The days of uncertainty involving the utility of electric cars are over. At first, they were basically mobile curiosity pieces with high eMPG, but with limited range and questionable crash tolerance. Today, almost every family would like to have one. However, when a fantastically popular product develops, there are often downsides. In the case of electric cars, there are significant downsides when it comes to some of the raw materials used in their construction. In particular, some of the ones needed to make their batteries.

Raw materials

Electric cars use many exotic rare materials in their battery packs. Metals such Cobalt, lithium, and nickel are just a few. According to Victory Lane Chevrolet of Fort Myers, FL these metals are needed to make the lithium-ion batteries in the Volt sedans, among other Chevrolet car and trucks.  The problem is that with demand increasing dramatically, some side effects have occurred in the battery raw material supply chain. For example, many of these raw materials come from third world countries where labor is often unreasonably cheap and there are pollution concerns. Let's look at the supply chain of the rare earth metal Cobalt.

Cobalt supply

Cobalt is a metal found in the Earth's crust and is one of the critical raw materials used to make lithium-ion batteries.
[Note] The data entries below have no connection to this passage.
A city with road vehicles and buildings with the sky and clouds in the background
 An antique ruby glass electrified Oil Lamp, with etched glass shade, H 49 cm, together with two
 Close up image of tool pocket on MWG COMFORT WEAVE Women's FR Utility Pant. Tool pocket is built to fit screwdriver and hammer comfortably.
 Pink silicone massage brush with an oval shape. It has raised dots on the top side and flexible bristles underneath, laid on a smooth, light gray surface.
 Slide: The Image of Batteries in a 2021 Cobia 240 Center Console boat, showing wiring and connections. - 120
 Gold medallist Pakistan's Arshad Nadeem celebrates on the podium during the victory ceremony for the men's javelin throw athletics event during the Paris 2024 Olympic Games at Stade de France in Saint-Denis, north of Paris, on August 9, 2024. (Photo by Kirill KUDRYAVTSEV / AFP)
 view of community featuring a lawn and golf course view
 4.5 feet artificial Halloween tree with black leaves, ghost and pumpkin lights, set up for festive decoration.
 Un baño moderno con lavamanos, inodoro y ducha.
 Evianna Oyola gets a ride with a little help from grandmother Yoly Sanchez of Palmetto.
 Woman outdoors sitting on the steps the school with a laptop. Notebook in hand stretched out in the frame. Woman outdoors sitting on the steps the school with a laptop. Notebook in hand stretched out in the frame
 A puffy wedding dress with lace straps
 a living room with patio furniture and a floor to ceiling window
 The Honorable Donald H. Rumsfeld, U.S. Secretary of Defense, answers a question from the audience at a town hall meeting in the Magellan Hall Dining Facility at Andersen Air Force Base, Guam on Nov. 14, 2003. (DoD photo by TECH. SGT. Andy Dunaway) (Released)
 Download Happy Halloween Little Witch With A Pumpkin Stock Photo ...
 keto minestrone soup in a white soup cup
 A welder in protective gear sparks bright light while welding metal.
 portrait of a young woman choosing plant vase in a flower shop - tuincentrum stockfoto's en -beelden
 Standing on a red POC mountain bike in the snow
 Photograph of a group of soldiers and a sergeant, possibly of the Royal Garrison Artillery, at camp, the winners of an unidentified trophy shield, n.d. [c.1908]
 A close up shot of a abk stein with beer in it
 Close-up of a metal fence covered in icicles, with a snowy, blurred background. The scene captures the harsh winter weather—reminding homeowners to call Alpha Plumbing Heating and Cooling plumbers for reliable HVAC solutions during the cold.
Cobalt is mined all over the world, but much of the global supply comes from the Democratic Republic of Congo. According to UNICEF, some 240,000 Congolese are involved in cobalt mining, and wages may not be at the levels that they should. Thankfully, various social and humanitarian groups are working to make sure working conditions and pay rise to acceptable levels.

Making a difference

Since the demand for cobalt and other scarce metals is driven not only electric car manufacturers but many other electronics companies (specifically cell phone manufacturers), these companies should be held accountable for enforcing ethically-sourcing policies.  This is a top down approach, and it has been shown to be very effective.

Oversight is involved

Thankfully, some companies are off to a good start. Let's look at cobalt supply again. A few years ago, tech giants like Samsung, and Sony combined forces and created the Responsible Cobalt Initiative (RPI). Members of the RPI have pledged to follow guidelines for the cobalt supply chain. Today, the RPI is a large and growing environmental agency.

Other raw materials

In this article, we focused on just cobalt, but most of the other raw materials, in particular, the rare ones, are being overseen in a similar fashion. Thankfully, the days of exploitation and other practices are being addressed and being taken care of.